-- Data records follows --

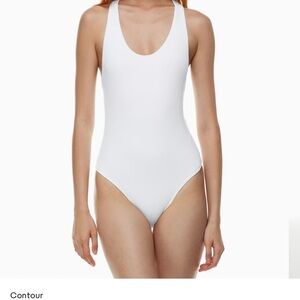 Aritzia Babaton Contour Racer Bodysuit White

-- Data records concluded --
-- Data records follows --

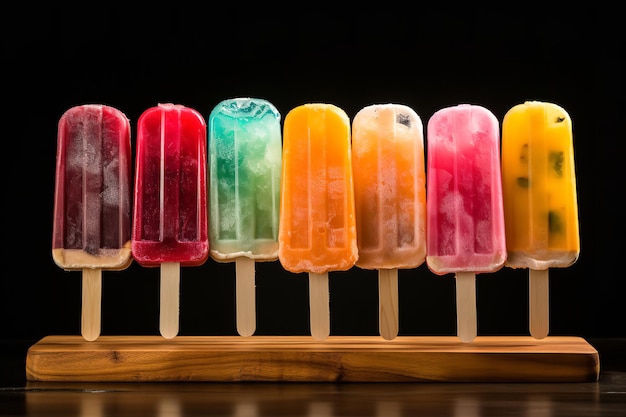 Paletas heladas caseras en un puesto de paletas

-- Data records concluded --
-- Data records follows --

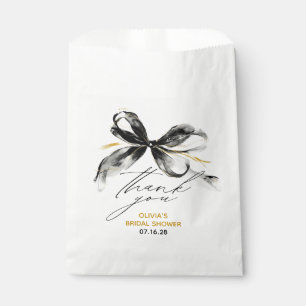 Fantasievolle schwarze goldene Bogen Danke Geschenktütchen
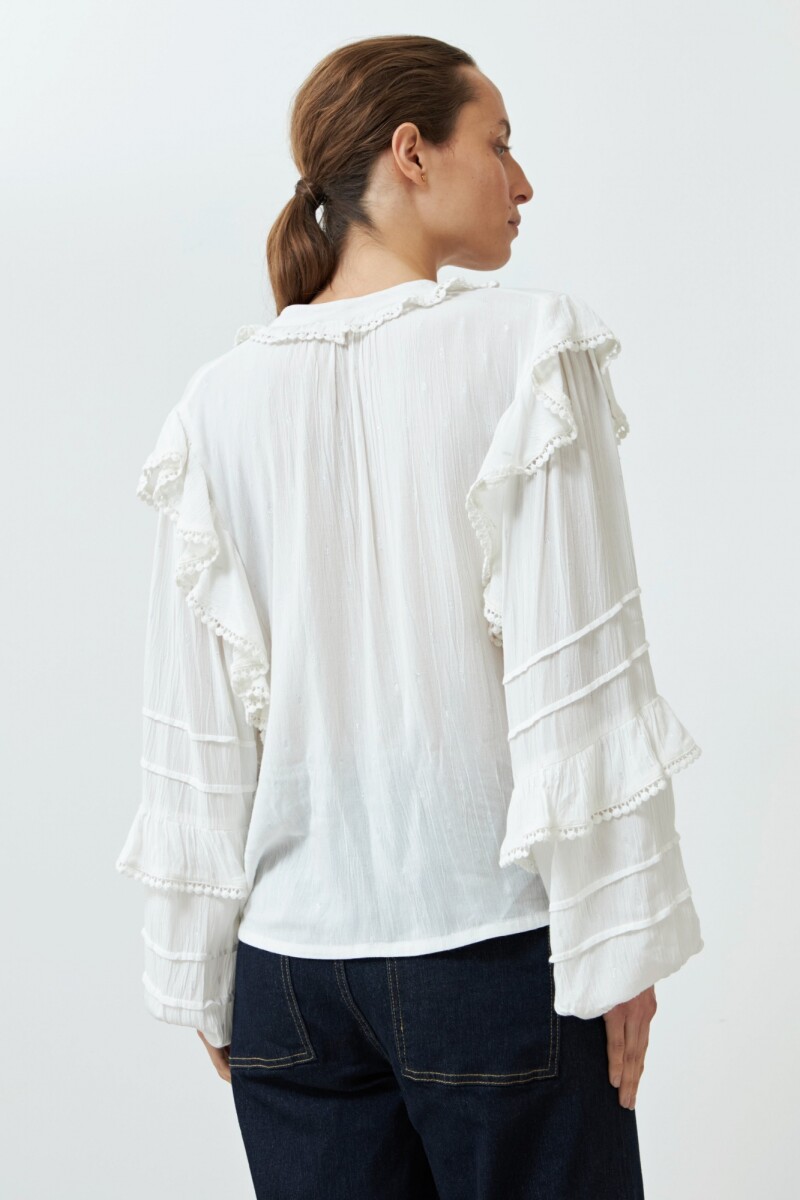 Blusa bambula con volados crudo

-- Data records concluded --

* Exercise description
Give back exactly the lines above that run from the one with "Fantasievolle schwarze goldene" to the one with "Blusa bambula con volados crudo", including both, with the pictures left out.

* Response to the task
 Fantasievolle schwarze goldene Bogen Danke Geschenktütchen
 Blusa bambula con volados crudo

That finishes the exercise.